#### WHAT IS NEEDED
All lines from the start of the listing below through the line containing "Mixed Emotion ME" are to be written out again exactly, and no others.
• • •
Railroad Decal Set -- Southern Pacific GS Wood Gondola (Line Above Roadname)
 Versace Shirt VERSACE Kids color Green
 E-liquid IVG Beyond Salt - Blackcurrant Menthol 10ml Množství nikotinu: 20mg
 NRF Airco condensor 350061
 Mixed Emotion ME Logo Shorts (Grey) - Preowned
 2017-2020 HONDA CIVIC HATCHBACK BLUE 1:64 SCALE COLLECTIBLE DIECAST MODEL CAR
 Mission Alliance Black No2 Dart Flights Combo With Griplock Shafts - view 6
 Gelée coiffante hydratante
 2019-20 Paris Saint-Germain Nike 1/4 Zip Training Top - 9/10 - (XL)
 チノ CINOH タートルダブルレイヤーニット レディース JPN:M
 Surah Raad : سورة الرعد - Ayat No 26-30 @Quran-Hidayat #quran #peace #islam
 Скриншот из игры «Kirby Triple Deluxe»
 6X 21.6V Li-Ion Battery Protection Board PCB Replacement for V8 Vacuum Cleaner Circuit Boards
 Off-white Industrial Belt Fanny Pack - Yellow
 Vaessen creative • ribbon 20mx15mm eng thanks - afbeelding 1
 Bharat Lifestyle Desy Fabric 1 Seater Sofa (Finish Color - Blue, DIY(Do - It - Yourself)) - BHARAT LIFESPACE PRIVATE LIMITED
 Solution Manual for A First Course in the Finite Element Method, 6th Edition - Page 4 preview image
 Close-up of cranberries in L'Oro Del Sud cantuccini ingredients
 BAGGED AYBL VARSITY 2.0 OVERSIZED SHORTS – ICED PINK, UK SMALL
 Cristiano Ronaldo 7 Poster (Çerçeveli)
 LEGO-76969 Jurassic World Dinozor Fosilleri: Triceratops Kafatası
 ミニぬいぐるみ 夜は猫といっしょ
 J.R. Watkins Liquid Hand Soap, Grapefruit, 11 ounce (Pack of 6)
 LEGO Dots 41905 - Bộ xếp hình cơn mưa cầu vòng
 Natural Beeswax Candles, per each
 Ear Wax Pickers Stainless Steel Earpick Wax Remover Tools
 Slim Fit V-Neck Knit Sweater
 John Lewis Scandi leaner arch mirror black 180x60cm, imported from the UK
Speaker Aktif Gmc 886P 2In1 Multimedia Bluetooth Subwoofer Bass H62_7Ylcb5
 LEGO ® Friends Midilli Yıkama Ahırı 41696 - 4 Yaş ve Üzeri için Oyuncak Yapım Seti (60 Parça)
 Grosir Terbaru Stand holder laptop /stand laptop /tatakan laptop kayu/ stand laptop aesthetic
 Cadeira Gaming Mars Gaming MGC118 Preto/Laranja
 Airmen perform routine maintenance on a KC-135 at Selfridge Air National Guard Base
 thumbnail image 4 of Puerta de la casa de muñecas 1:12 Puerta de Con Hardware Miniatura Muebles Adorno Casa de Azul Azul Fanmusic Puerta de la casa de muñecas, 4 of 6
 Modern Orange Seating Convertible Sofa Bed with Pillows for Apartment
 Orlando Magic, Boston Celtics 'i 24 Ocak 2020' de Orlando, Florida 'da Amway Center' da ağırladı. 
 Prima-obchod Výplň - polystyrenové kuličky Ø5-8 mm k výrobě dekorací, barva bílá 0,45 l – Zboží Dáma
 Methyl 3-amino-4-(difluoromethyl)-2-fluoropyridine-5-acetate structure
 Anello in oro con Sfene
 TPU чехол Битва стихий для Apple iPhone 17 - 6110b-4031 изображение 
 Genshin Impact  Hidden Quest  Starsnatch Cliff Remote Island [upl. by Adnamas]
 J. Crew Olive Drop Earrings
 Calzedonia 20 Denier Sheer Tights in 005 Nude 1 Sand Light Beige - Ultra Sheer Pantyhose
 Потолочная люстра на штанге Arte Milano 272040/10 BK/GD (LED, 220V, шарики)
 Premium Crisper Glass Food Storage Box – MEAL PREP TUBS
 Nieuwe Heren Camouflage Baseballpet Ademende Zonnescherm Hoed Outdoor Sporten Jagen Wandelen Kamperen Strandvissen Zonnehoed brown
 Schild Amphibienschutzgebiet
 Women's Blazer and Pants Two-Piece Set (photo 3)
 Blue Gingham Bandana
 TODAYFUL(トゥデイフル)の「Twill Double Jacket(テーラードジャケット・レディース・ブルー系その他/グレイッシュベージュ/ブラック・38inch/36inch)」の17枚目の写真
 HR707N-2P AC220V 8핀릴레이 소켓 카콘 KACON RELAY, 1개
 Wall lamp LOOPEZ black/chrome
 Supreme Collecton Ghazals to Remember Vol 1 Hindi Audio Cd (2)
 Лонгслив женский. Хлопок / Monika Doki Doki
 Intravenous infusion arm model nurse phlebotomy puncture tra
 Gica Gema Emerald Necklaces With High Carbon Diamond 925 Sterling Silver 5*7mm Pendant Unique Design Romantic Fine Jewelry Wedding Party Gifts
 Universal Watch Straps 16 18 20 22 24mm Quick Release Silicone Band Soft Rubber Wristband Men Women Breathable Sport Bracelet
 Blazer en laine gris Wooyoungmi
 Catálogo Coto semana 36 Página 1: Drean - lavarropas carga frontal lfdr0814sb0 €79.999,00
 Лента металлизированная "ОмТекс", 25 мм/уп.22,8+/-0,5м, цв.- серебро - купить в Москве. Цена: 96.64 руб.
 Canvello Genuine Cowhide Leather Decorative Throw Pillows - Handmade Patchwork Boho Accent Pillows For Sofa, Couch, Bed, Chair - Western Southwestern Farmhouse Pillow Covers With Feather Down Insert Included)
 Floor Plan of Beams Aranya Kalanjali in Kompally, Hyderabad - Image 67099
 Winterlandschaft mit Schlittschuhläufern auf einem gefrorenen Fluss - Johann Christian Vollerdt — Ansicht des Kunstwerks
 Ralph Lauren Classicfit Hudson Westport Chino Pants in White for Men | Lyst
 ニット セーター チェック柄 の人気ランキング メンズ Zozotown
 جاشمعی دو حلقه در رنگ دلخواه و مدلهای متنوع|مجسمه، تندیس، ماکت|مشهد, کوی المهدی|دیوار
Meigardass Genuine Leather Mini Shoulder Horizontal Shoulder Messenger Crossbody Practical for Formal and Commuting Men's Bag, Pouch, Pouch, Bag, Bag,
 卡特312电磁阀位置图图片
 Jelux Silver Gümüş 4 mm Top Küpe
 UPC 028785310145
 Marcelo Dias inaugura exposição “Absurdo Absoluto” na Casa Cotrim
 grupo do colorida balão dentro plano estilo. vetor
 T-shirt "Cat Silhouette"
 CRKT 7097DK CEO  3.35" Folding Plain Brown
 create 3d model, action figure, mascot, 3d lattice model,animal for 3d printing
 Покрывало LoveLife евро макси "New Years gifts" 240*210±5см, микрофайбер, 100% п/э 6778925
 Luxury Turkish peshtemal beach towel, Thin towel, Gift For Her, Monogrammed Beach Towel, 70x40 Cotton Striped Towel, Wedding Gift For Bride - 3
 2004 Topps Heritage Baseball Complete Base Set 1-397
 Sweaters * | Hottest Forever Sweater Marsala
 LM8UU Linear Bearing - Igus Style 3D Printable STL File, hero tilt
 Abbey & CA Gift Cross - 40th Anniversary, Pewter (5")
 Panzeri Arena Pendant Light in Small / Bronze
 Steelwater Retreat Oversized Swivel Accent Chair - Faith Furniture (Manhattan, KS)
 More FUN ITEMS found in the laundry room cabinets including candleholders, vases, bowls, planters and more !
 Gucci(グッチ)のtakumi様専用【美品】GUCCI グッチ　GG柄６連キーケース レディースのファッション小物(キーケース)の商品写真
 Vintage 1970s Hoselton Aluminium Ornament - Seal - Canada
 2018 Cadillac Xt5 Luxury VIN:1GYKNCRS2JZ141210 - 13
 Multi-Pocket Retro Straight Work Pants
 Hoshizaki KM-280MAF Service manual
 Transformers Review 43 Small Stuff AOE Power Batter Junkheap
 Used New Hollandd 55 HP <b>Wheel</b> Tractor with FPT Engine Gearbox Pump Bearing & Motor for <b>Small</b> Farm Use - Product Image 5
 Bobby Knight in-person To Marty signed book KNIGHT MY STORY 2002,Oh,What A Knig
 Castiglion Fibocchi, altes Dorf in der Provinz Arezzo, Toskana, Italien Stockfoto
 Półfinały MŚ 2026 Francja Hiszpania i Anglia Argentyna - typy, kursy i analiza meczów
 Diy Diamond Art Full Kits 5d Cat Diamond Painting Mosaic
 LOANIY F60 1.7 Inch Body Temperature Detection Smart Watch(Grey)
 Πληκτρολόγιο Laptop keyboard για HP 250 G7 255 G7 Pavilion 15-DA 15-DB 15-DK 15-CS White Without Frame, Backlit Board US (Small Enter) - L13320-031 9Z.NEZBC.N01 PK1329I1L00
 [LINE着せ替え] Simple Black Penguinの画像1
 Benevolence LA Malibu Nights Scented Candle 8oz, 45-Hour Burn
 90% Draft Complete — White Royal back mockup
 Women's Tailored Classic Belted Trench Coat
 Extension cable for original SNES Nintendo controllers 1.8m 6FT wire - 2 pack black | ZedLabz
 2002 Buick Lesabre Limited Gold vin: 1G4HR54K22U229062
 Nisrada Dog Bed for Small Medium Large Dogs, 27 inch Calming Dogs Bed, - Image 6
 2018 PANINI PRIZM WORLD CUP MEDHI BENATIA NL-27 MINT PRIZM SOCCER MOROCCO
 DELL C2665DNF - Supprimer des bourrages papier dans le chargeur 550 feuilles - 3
• • •
#### EXERCISE SOLUTION
Railroad Decal Set -- Southern Pacific GS Wood Gondola (Line Above Roadname)
 Versace Shirt VERSACE Kids color Green
 E-liquid IVG Beyond Salt - Blackcurrant Menthol 10ml Množství nikotinu: 20mg
 NRF Airco condensor 350061
 Mixed Emotion ME Logo Shorts (Grey) - Preowned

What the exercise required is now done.